Exercise description:
Reproduce the listing in full, pictures excluded.
(Beginning of Recorded information)
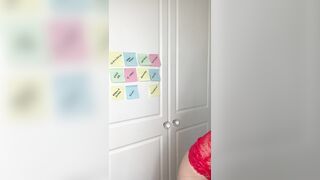 Charlieerose3 (Ex British Cop) OnlyFans Leaks turned into MILF 405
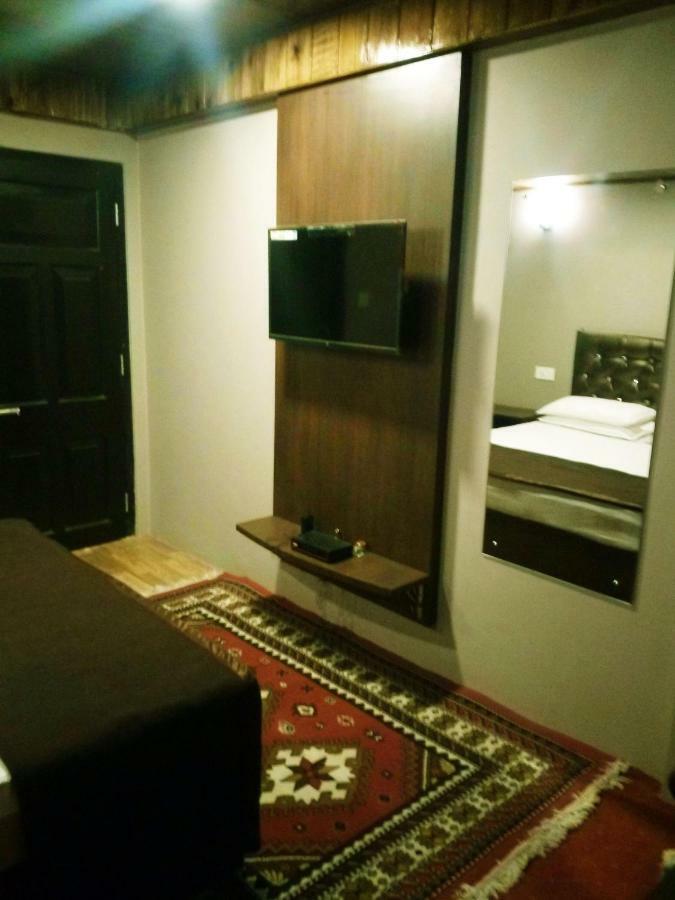 Marigold Manor Homestay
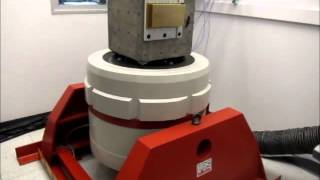 Shock and Vibration Testing Video [upl. by Brittani417]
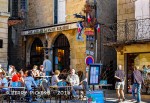 Another Sarlat restaurant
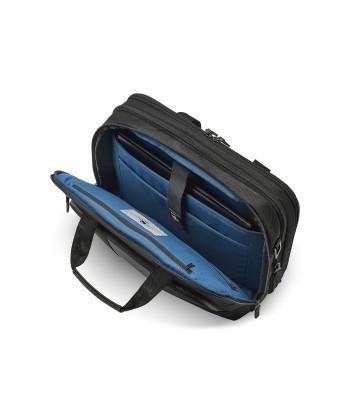 WAGRAM - Satchel 2-compartment  (PC Protection 15.6") les muscles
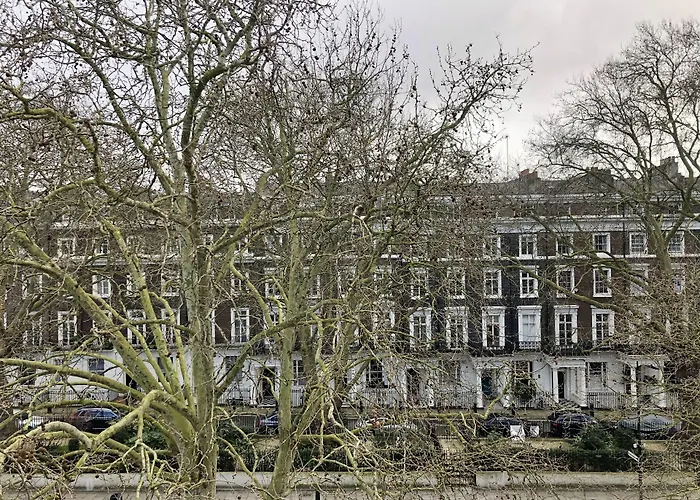 Mitre House Hotel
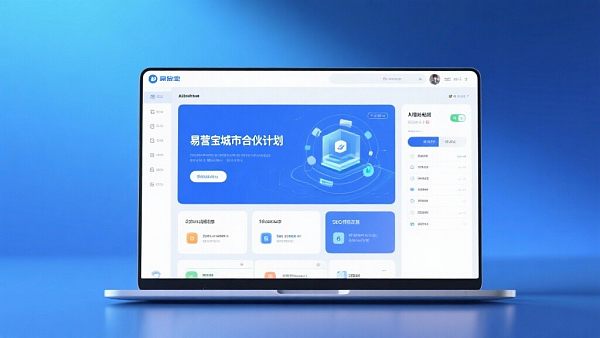 Многоязычные сайты для партнеров в городах: Как EasyStore помогает развивать глобальный бизнес?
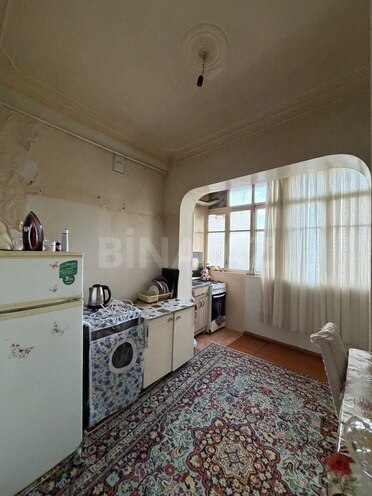Satılır 2 otaqlı köhnə tikili 65 m², Qaraçuxur q., photo 11 from 21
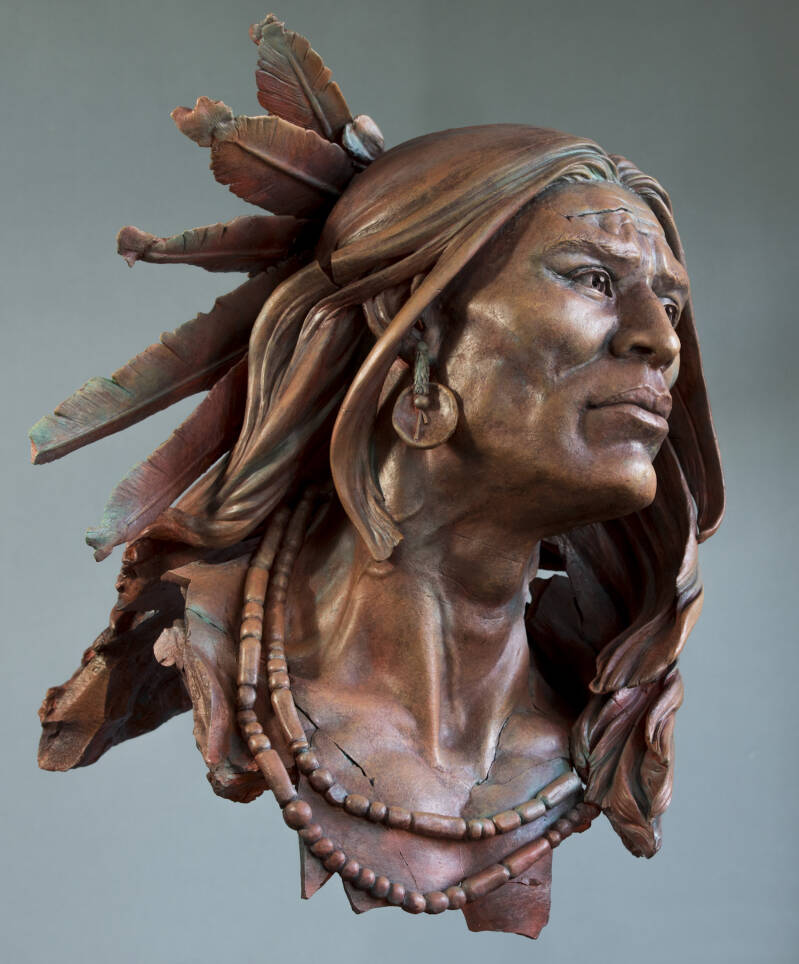 Plains Indian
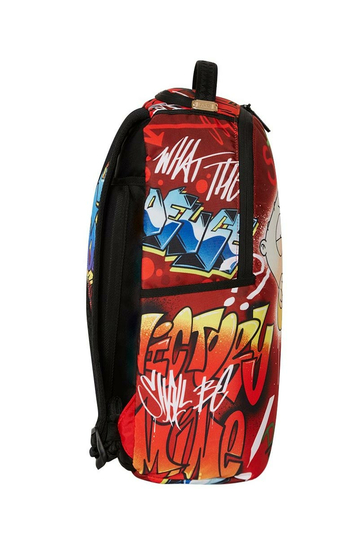 Sprayground Stewie On The Run Backpack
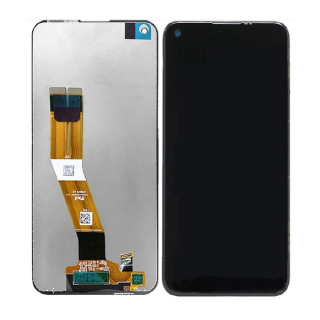 LCD Displej + Dotykové sklo Samsung M115 Galaxy M11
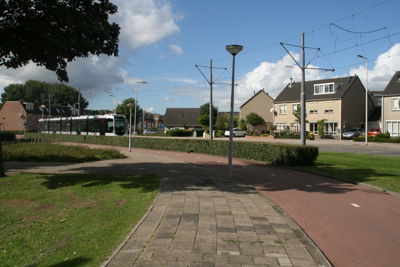 Foto 85 uit StratenBEVERWAARD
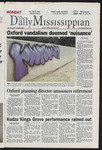 July 15, 2002 by The Daily Mississippian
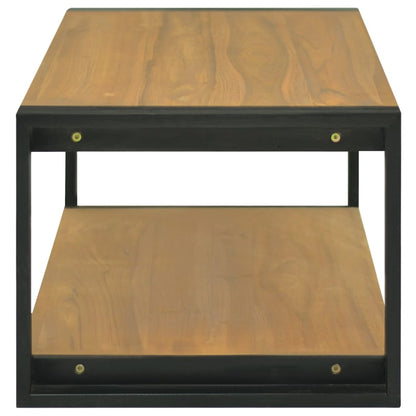 Bathroom Cabinet 120x45x35 cm Solid Wood Teak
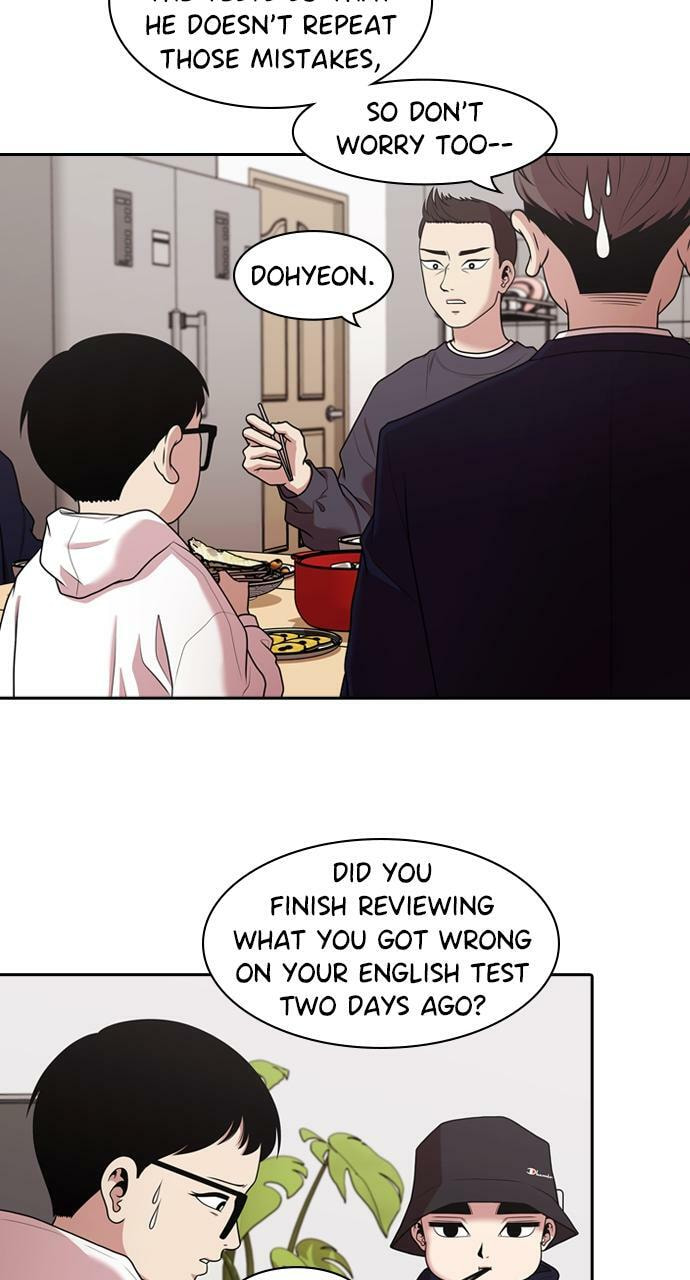 Tomorrow (Llama) Chapter 199 page 19 - 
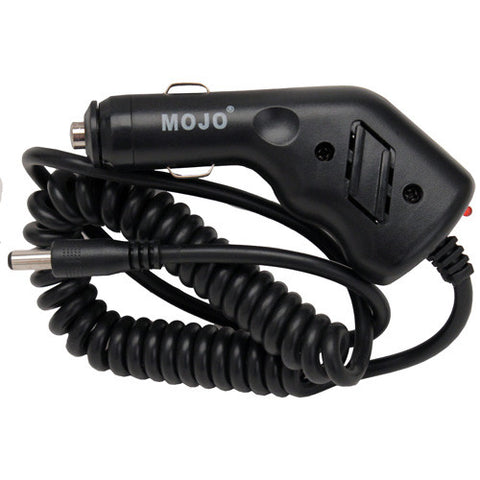 MOJO 12 V Car Charger - GhillieSuitShop
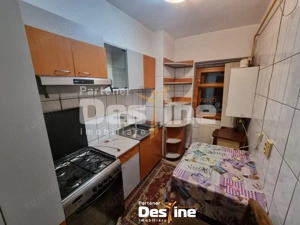 Apartament 1 cameră decomandat, zona CUG-Selgros, etaj 1, bloc turn cu lift - imagine 4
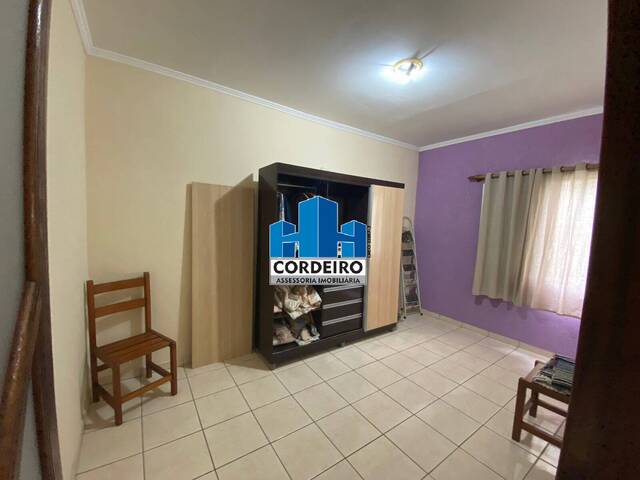 #6828 - Apartamento para Venda em Santo André - SP
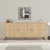 Hanah Home Dune 183 Komoda, Braon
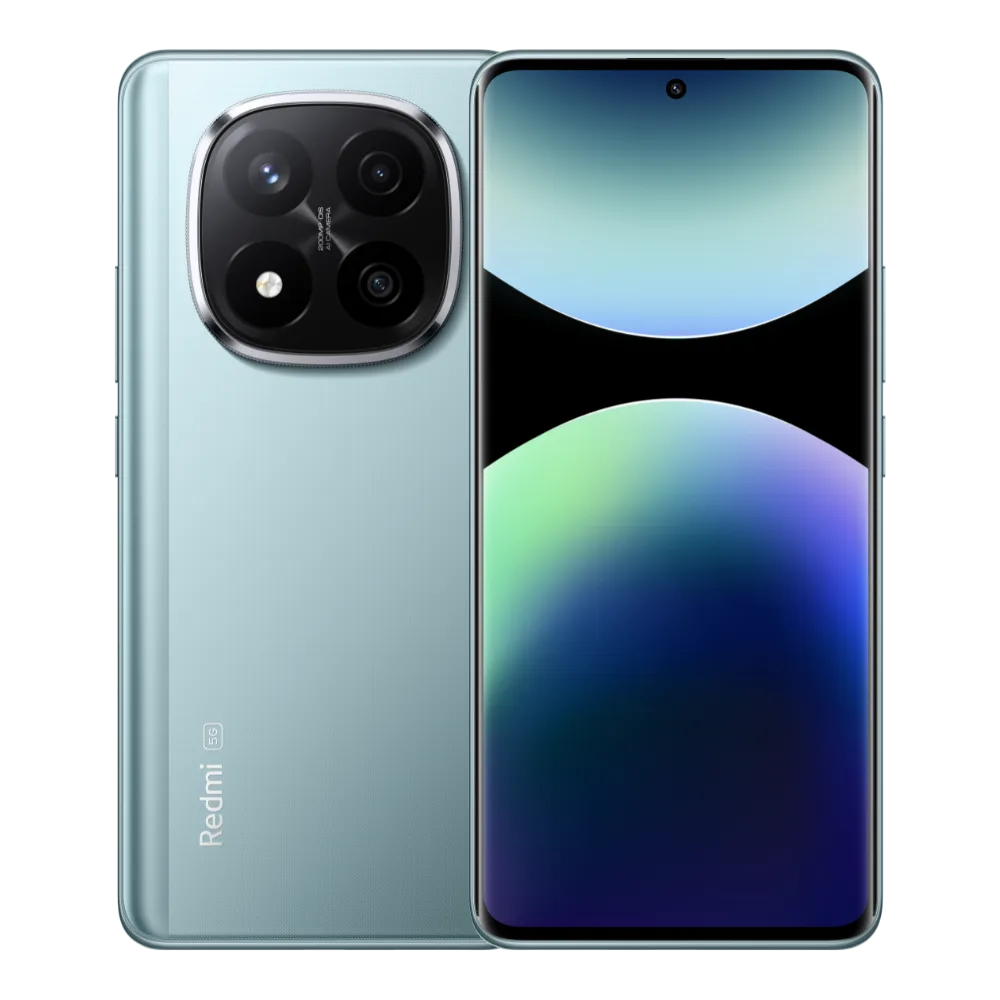 Redmi Note 14 Pro+ 5G 8/256GB Plavi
(End of Recorded information)
Exercise solution:
 Charlieerose3 (Ex British Cop) OnlyFans Leaks turned into MILF 405
 Marigold Manor Homestay
 Shock and Vibration Testing Video [upl. by Brittani417]
 Another Sarlat restaurant
 WAGRAM - Satchel 2-compartment  (PC Protection 15.6") les muscles
 Mitre House Hotel
 Многоязычные сайты для партнеров в городах: Как EasyStore помогает развивать глобальный бизнес?
Satılır 2 otaqlı köhnə tikili 65 m², Qaraçuxur q., photo 11 from 21
 Plains Indian
 Sprayground Stewie On The Run Backpack
 LCD Displej + Dotykové sklo Samsung M115 Galaxy M11
 Foto 85 uit StratenBEVERWAARD
 July 15, 2002 by The Daily Mississippian
 Bathroom Cabinet 120x45x35 cm Solid Wood Teak
 Tomorrow (Llama) Chapter 199 page 19 - 
 MOJO 12 V Car Charger - GhillieSuitShop
 Apartament 1 cameră decomandat, zona CUG-Selgros, etaj 1, bloc turn cu lift - imagine 4
 #6828 - Apartamento para Venda em Santo André - SP
 Hanah Home Dune 183 Komoda, Braon
 Redmi Note 14 Pro+ 5G 8/256GB Plavi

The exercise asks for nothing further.